昭和54年8月に、真狩村のジャガイモシストセンチュウ試験ほの馬鈴しょ連作ほ場(品種「ツニカ」)で、生育異常株が認められた。病徴は、はじめ地際茎の維管束が褐変し、頂葉が退緑、巻葉し、8月中旬頃から萎凋し、急激に黄化、倒伏して枯凋期が早まる。
褐変した維管束から Verticillium 属菌が高率に分離され、PDA 平板上で菌核を形成せず、褐変した厚膜菌糸のみを生ずる。分生子梗の基部は着色し、分生胞子は無色、長円形ないし楕円形、1室で、2.90〜6.78×1.94〜3.87μmである。PDA平板上では30゚Cで全く生育しない。

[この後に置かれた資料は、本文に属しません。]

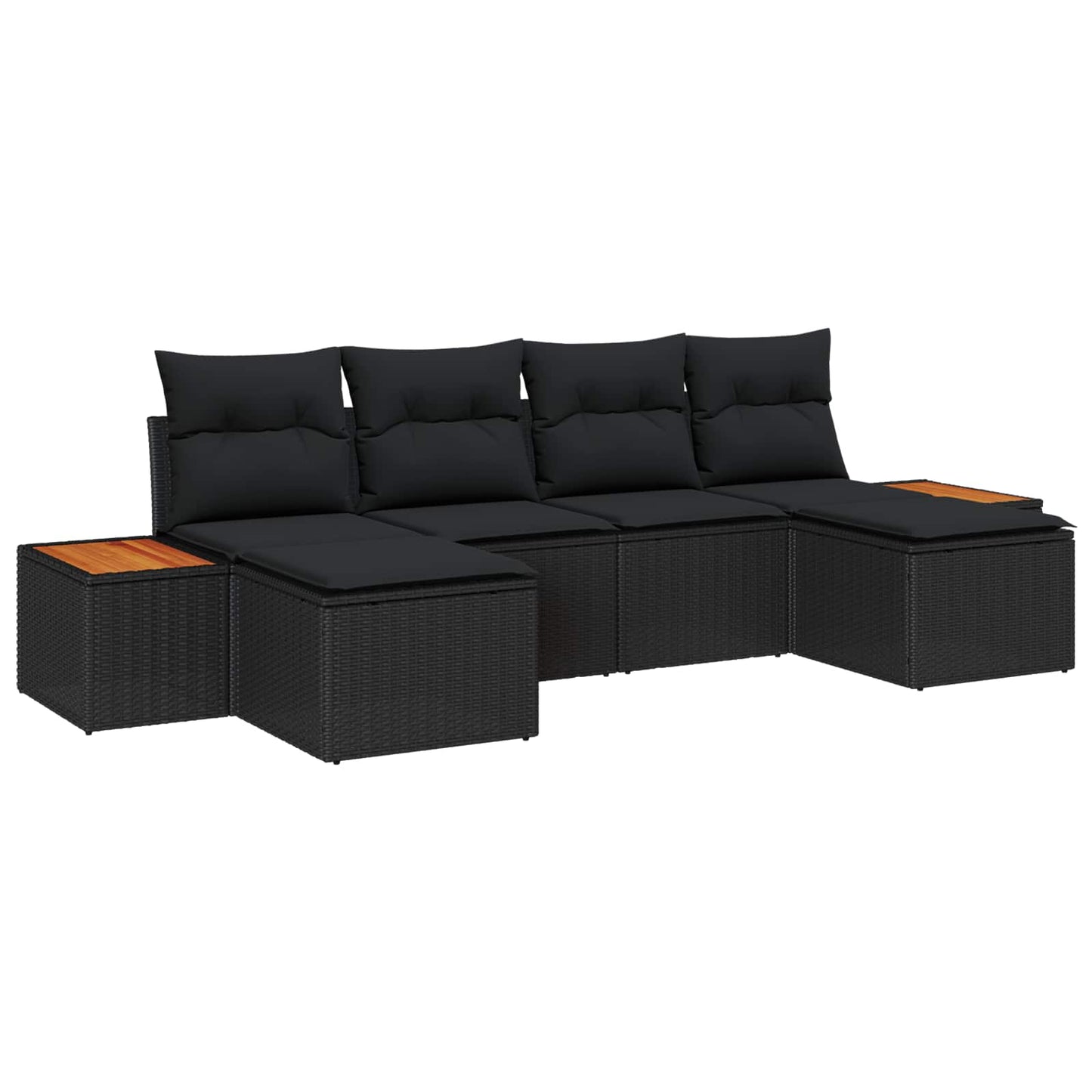 Conjunto de Sofá de Jardim 6 pcs Preto Rattan de Polipropileno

なお、同試験ほの「紅丸」からも同様に菌が検出された。これら分離菌株の分生胞子を土壌接種または根部浸漬接種した結果、「ツニカ」及び「紅丸」とも萎凋症状を呈し、「ツニカ」の頂葉の退緑、巻葉が顕著であった。以上の結果から病原菌をVerticillium albo-atrum REINKE & BERTHOLD. と同定し、半身萎凋病と命名が提案されている。